Prompt Images
It felt like winning a
prize. I bragged about it. Only when
Ms. Sanchez informed me with a mouthwash-breath
huff that it was no point of pride, did I realize that I only
won contempt.
It is a lunch special to feel
heartache when you see a polystyrene
tray. We’d steal them to sled down snowy hills in
blue Januaries. I learned to go hungry, as was my
birthright. I told my teacher I had a
tapeworm. I told her I named him and he came out at night to rest with my
bones. She told me it was probably gas that made my
tummy rumble all afternoon.
Before I could control my hunger, I’d
beg. I’d beg my classmates for food and Ms. Sanchez would
send stern notes home. My mother would not read them. When I could not throw
them out of the Bus 8 window, I’d crumple them up and
eat the notes line by line. Nobody could see them that way.
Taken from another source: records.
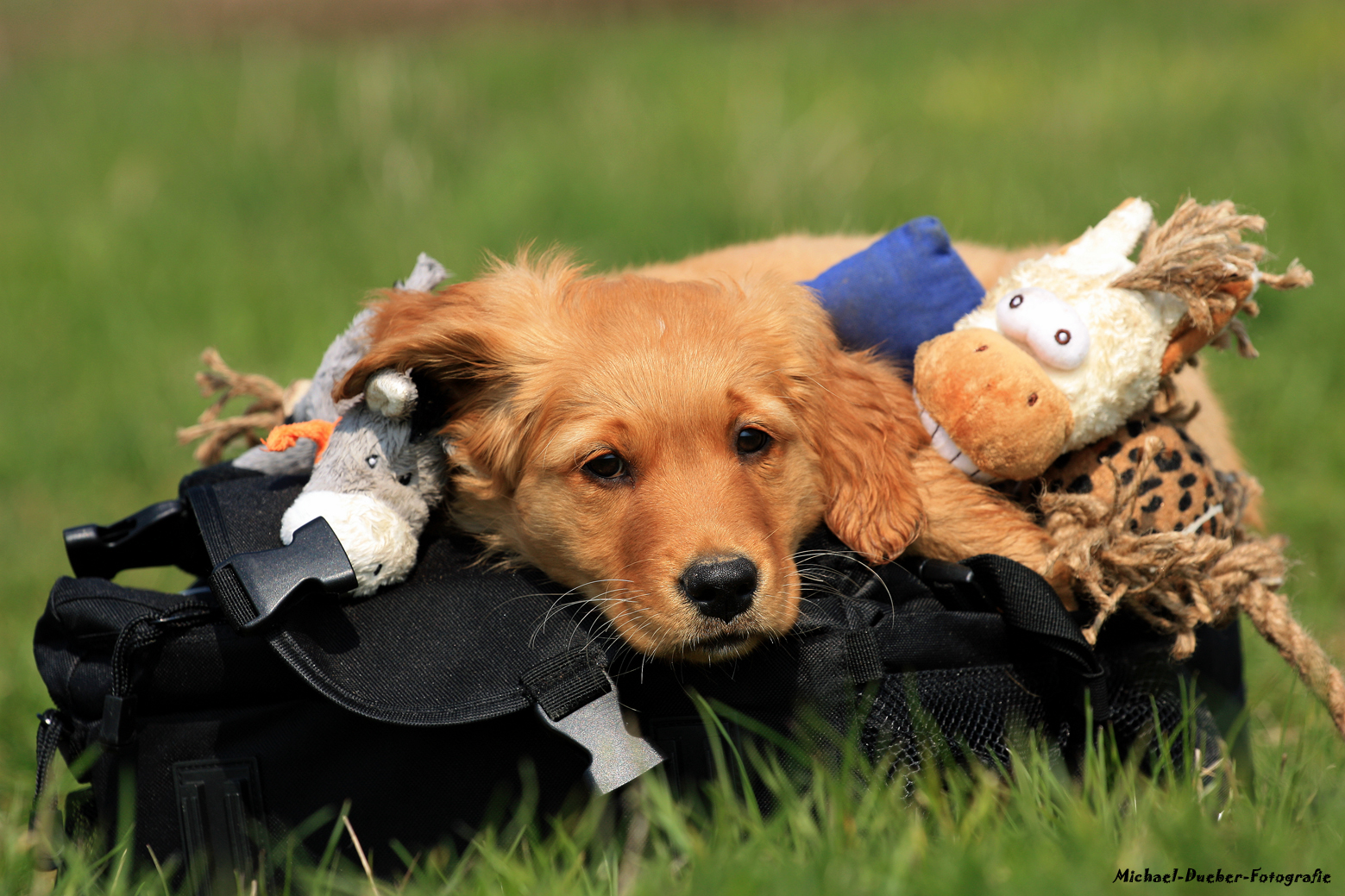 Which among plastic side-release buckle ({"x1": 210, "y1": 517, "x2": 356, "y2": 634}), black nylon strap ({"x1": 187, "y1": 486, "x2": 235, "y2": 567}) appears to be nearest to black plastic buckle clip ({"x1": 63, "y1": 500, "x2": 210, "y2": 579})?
black nylon strap ({"x1": 187, "y1": 486, "x2": 235, "y2": 567})

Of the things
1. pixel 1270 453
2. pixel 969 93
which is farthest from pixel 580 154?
pixel 1270 453

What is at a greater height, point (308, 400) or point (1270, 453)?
point (308, 400)

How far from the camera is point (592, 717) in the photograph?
2.12 meters

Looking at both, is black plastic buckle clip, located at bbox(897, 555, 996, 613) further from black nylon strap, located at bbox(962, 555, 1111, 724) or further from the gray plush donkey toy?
the gray plush donkey toy

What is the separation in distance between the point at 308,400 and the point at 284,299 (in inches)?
143

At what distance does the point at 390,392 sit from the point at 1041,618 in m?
1.43

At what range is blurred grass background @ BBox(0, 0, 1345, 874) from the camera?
5.15 m

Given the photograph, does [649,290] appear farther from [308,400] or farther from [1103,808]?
[1103,808]

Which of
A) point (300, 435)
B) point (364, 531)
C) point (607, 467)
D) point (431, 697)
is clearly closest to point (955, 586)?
point (607, 467)

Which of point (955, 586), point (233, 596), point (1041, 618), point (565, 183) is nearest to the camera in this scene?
point (233, 596)

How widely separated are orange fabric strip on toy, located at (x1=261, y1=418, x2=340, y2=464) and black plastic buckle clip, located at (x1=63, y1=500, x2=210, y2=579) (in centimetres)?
27

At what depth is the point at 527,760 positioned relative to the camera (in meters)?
2.23

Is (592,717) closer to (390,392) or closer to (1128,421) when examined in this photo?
(390,392)

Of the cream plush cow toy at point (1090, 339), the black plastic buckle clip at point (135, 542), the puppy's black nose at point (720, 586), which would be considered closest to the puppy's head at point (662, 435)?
the puppy's black nose at point (720, 586) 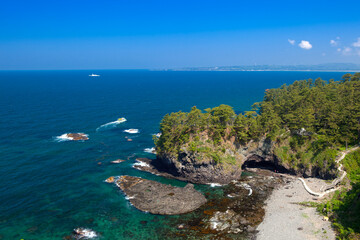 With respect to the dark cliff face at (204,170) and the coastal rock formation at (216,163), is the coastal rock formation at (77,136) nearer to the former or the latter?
the coastal rock formation at (216,163)

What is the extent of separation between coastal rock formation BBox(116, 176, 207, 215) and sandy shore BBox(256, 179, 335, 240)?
14.6 meters

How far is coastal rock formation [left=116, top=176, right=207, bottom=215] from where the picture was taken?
51594 millimetres

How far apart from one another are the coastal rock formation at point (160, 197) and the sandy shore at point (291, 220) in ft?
47.9

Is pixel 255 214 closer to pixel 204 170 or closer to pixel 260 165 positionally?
pixel 204 170

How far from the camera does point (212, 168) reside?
64000 mm

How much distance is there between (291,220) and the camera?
47250 mm

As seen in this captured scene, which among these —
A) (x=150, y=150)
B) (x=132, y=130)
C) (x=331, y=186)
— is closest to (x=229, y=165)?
(x=331, y=186)

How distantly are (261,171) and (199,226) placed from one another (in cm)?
3190

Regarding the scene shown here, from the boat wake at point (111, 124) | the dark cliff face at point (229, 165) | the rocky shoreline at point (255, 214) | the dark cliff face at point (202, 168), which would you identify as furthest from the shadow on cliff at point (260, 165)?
the boat wake at point (111, 124)

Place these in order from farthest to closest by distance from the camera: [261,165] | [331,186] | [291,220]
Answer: [261,165], [331,186], [291,220]

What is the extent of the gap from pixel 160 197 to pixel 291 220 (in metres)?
27.8

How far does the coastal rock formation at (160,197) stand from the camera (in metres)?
51.6

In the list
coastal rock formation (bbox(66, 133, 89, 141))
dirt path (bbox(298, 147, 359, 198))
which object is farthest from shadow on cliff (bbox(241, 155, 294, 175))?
coastal rock formation (bbox(66, 133, 89, 141))

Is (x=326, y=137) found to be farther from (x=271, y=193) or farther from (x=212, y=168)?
(x=212, y=168) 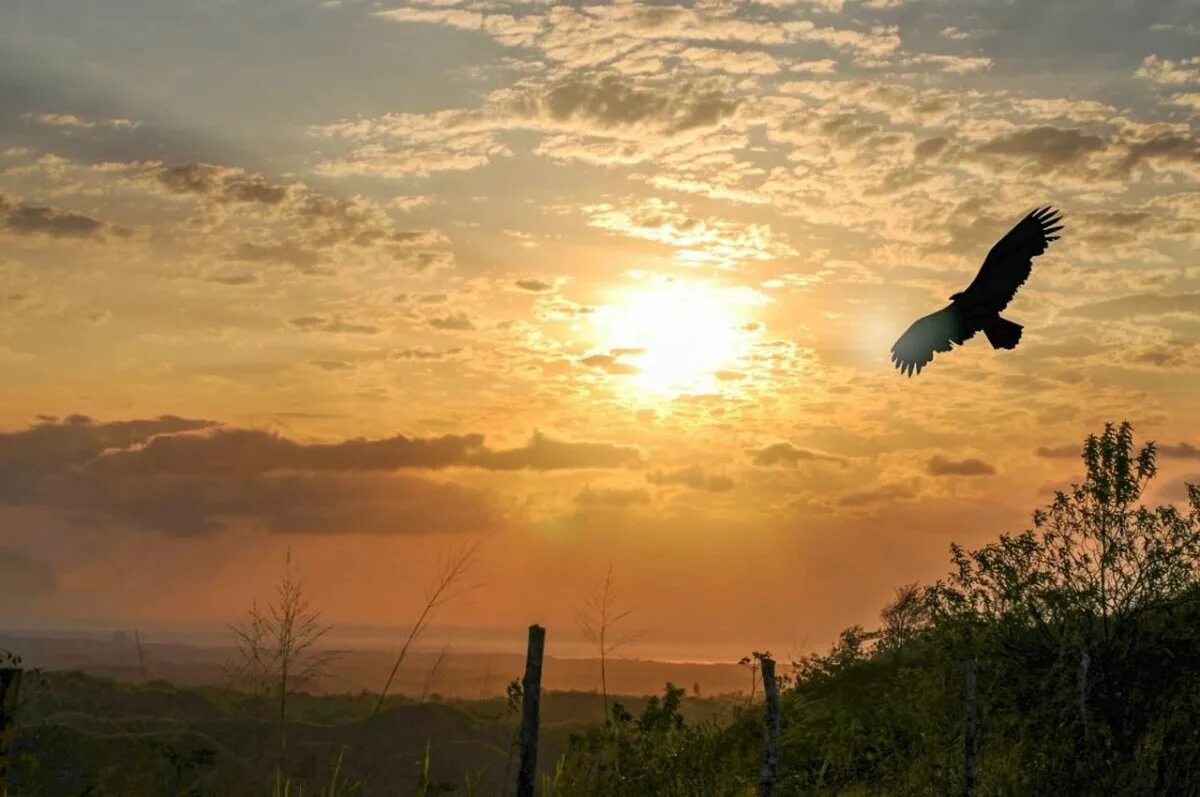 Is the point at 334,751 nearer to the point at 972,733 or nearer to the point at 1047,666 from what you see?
the point at 1047,666

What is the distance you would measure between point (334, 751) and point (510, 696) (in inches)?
727

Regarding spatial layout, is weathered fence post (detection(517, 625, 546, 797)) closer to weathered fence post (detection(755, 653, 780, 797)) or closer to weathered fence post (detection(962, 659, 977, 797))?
weathered fence post (detection(755, 653, 780, 797))

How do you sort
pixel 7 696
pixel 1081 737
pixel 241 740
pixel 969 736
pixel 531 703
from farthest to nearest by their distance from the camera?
pixel 241 740, pixel 1081 737, pixel 969 736, pixel 531 703, pixel 7 696

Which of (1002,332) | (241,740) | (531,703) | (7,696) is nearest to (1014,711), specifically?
(1002,332)

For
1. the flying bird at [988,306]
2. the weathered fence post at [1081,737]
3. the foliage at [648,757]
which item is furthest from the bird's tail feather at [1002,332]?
the foliage at [648,757]

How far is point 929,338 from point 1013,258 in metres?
1.41

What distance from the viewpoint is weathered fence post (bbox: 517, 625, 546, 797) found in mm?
10898

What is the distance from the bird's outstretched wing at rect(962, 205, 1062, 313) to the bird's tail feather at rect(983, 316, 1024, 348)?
214 millimetres

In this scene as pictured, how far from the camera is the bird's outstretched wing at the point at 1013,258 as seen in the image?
1553cm

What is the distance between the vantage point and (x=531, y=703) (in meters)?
11.2

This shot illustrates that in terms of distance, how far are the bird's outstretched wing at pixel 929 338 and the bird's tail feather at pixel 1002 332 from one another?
241 millimetres

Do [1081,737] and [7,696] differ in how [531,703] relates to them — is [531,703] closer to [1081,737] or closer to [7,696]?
[7,696]

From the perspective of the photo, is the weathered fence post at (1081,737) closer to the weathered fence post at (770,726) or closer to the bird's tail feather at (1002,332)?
the bird's tail feather at (1002,332)

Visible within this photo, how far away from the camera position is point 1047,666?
17547 millimetres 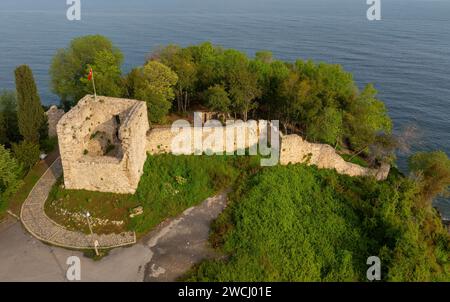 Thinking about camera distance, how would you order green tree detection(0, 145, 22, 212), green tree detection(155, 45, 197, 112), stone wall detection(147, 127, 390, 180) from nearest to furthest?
green tree detection(0, 145, 22, 212) < stone wall detection(147, 127, 390, 180) < green tree detection(155, 45, 197, 112)

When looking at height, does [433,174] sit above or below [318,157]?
below

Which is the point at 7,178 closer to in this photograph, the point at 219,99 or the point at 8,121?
the point at 8,121

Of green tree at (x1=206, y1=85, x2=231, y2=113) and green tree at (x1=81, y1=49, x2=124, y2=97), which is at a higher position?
green tree at (x1=81, y1=49, x2=124, y2=97)

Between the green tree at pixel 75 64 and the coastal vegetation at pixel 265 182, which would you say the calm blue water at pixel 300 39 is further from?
the green tree at pixel 75 64

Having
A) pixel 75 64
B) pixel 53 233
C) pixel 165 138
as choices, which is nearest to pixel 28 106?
pixel 75 64

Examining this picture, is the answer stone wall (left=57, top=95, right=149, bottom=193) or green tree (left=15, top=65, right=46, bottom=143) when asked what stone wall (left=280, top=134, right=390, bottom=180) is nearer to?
stone wall (left=57, top=95, right=149, bottom=193)

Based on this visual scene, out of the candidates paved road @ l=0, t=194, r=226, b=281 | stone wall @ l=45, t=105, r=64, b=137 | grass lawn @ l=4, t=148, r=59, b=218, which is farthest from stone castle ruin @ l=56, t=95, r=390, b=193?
stone wall @ l=45, t=105, r=64, b=137

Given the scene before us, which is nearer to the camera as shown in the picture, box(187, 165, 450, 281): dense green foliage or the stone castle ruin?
box(187, 165, 450, 281): dense green foliage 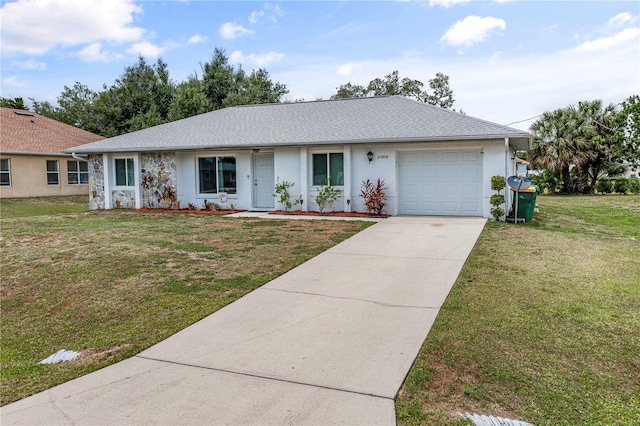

The first lean learning the lunch ladies
doled was the idea that there’s no
free lunch. Even for me,
it came with a sticker price tag I would later use to help me
gag. After all, it squeezed me like a
boa constrictor into my hand-me-down jeans. First I’d skip it to
hide my status. Later I’d skip it because it was the
thing to do.
Today I am a Person of Authority. I do not hide my
pansa. I do not leave my plate un-
touched. And if a colleague says a lunch might leave her
dismantled, unable to
wed
or
whatever,
I do my best impression of Ms. Sanchez.
Your size is not a thing to toast.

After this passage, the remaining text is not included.